COMMENTARY Health Reform: Arkansas Impacts

— Editor’s Note: This is the fourth guest column from Professor Rob Leflar about health policy.

Obama’s health reform package is staggering toward the finish line. Forget politics.

If it passes, how would it impact Arkansas? What about if it fails?

This Q&A should clarify matters.

Q: Are Arkansans more or less in need of health insurance than Americans generally?

A: More in need. About 520,000 Arkansans lack health insurance, higher than the national percentage. Major reason: Arkansas has a high proportion of smaller employers. Smaller employers are less likely to provide insurance for their workers. Most uninsured aren’t unemployed.

They’re in families with full-time breadwinners.

Q: Would Obama’s plan help or hurt Arkansas’ uninsured?

A: Help them, no question.

Medicaid would expand from covering mainly children (threefifths of Arkansas kids now get care through Medicaid) to covering adults too, with income up to $29,000 for a family of four.

Plus, families with incomes up to $88,000 would get sliding-scale tax credits for buying insurance.

Q: All that costs big bucks.

Where would the money come from?

A: Almost all from the feds, not the state. The state match for the Medicaid expansion is three percent through 2019. The state puts in three dollars, gets back ninety-seven.

Q: That’s like picking a number at roulette, and knowing it will hit.

Too good to be true?

A: In this economic climate, states can’t afford major reforms by themselves. The feds have to finance it. Obama figures in the long run it pays off: People with insurance will get the preventive care they skip now, instead ofincurring the avoidable, expensive emergency room and hospital stays that we all wind up paying for.

Q: Taxes would rise?

A: Right. Couples making over $250,000 would pay three percent more tax on unearned income.

Medicare payroll tax would rise almost one percent. An excise tax would hit high-cost employersponsored health plans in 2018.

Q: How much federal money would come into Arkansas?

A: For the six years 2014-19, an estimated $3.7 billion for Medicaid, $6 billion for private health insurance subsidies, totaling almost $10 billion.

Q: Does that translate into jobs?

A: Four million new health care jobs estimated nationwide; roughly 40,000 for Arkansas. We need more family doctors and nurses.

The money would pull people into those professions.

Q: Wouldn’t that be excessive government involvement in medicine - a “takeover”?

A: No.
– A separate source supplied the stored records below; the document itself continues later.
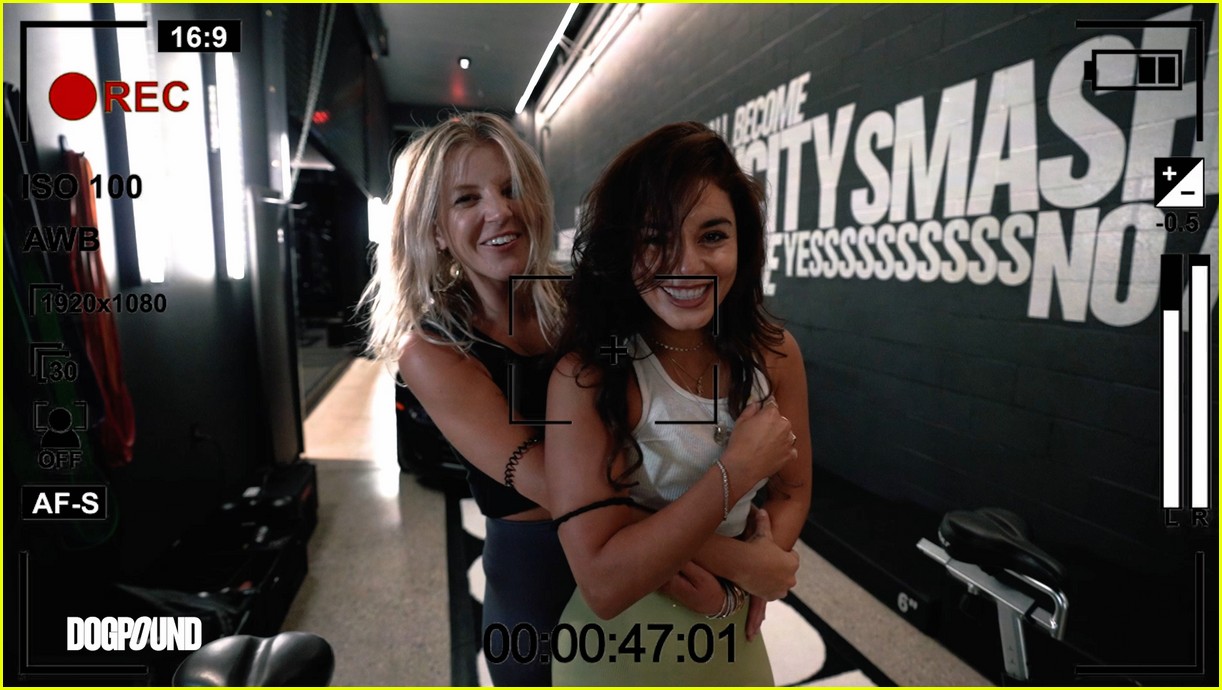 vanessa hudgens gg magree take fans into the dogpound 104493707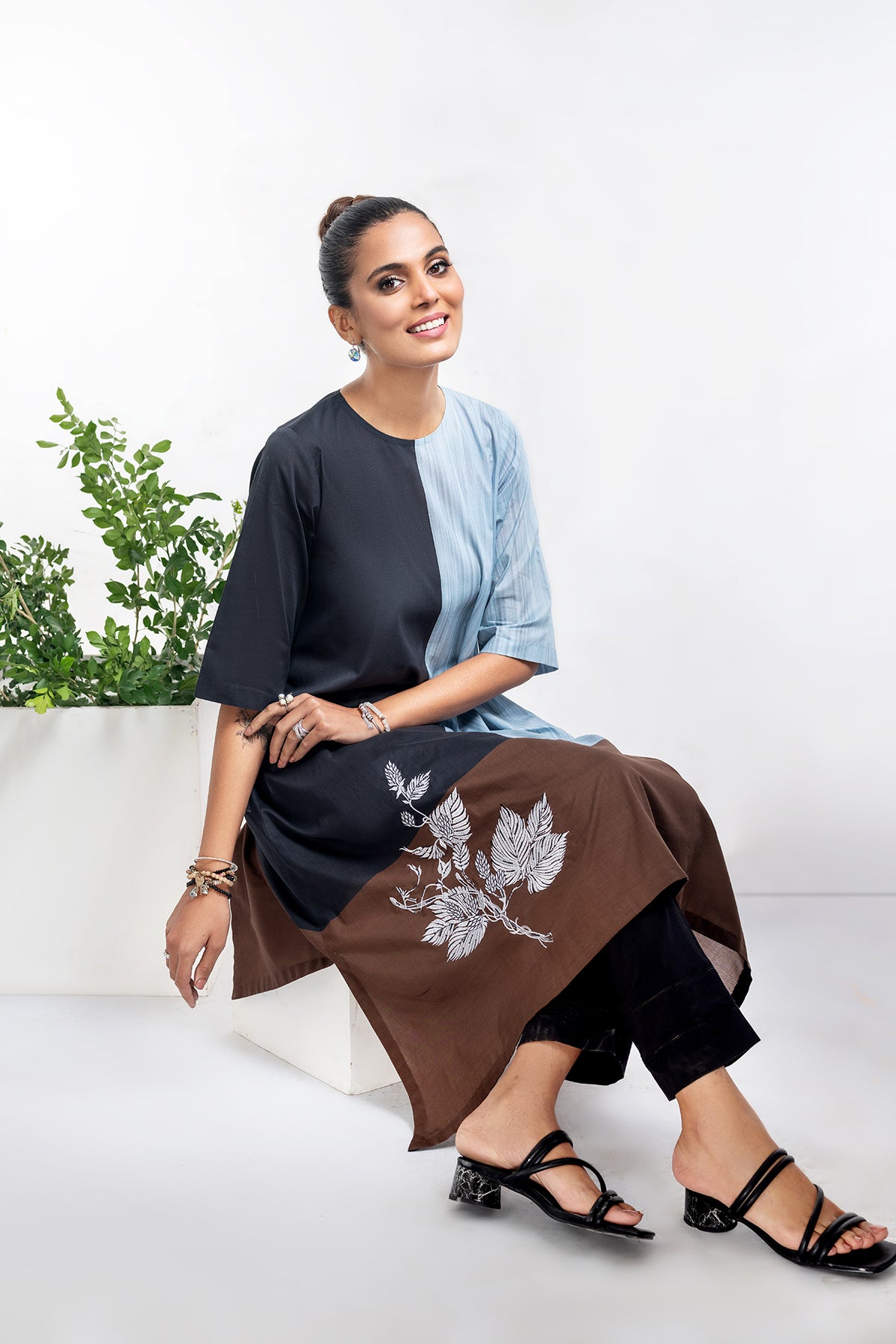 PS22-22-Embroidered A-Line Shirt 1PC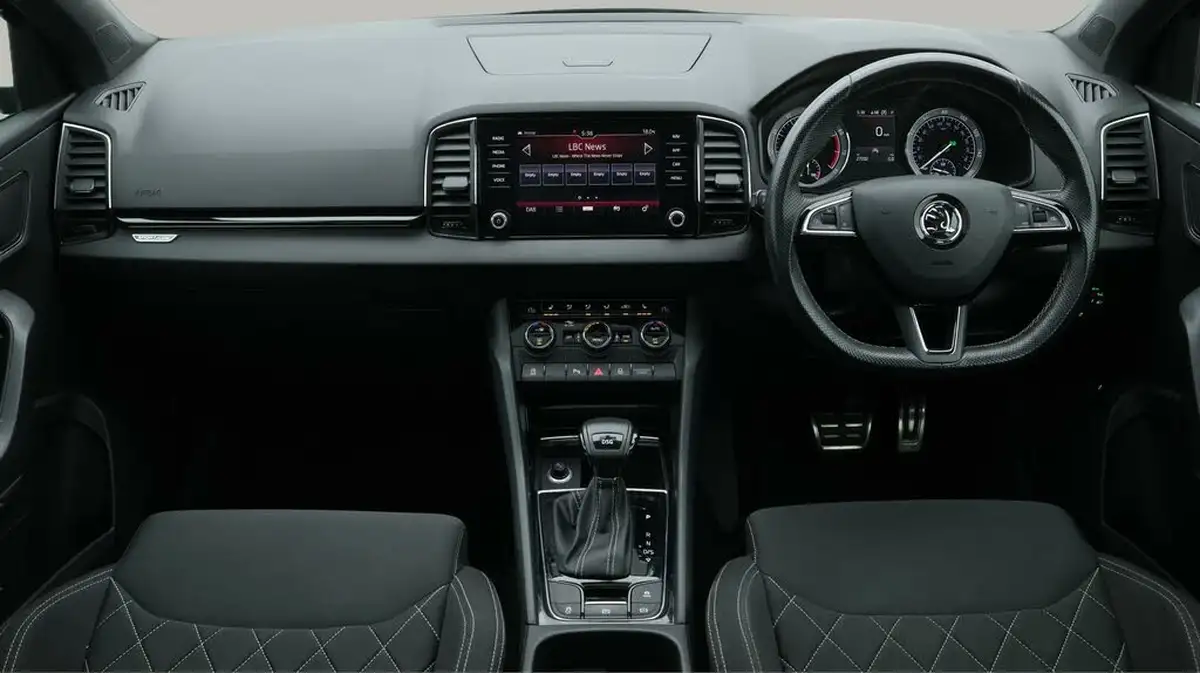 2020-skoda-karoq-15-tsi-sportline-dsg-big-13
This is federal money for private health insurance, covering care provided mostly by private doctors.

Q: How much overlap between Obama’s and the Republican plans?

A: Quite a bit. Both plans outlaw pre-existing condition exclusions.

Both allow insurance sales across state lines (but Obama’s has stronger consumer protection - for example, review of premium increases).

Q: How do they differ?

A: Three main ways. First: size. Obama’s plan brings inthirty million Americans without insurance. The GOP plan brings in three million. Second: cost. The Republican plan is cheaper.

Third: Obama has an “individual mandate.” The Republicans don’t.

They say no one should have to buy health insurance.

Q: One columnist said requiring people to buy insurance infringes on individual liberty, Big Brother in action.

A: Here’s what that columnist doesn’t get. People who can’t or won’t take responsibility for buying health insurance just shift their costs to the rest of us through public programs or uncompensated care, once they’re injured or get cancer or heart disease and need expensive care. In a sense, they’re freeloaders, like people driving without insurance. We all wind up paying for their accidents.

Q: What happens to Arkansas if health reform doesn’t pass Congress?

A: It won’t be pretty. Insurance premiums will go nowhere but up. So more businesses will drop employees’ coverage. Arkansas’ obesity rate’s high. People with obesity-related disease like diabetes won’t be able to afford premiums or get coverage. “Penny wise pound foolish” doesn’t capture this. It’s “Dollar wise fortune foolish.”

Q: If Arkansas stands to benefit so much from Obama’s plan, why do so many Arkansas politicians attack it?

A: Good question. Maybe they’re more influenced by Obama’s unpopularity here than by what would help their constituents.

Maybe they haven’t done their homework. Maybe they lack backbone. They’re out running for Congress and the Senate right now. Ask them - for facts, not slogans.

ROBERT B. LEFLAR IS A PROFESSOR AT THE UA LAW SCHOOL (FAYETTEVILLE) AND THE UA MEDICAL SCHOOL (LITTLE ROCK).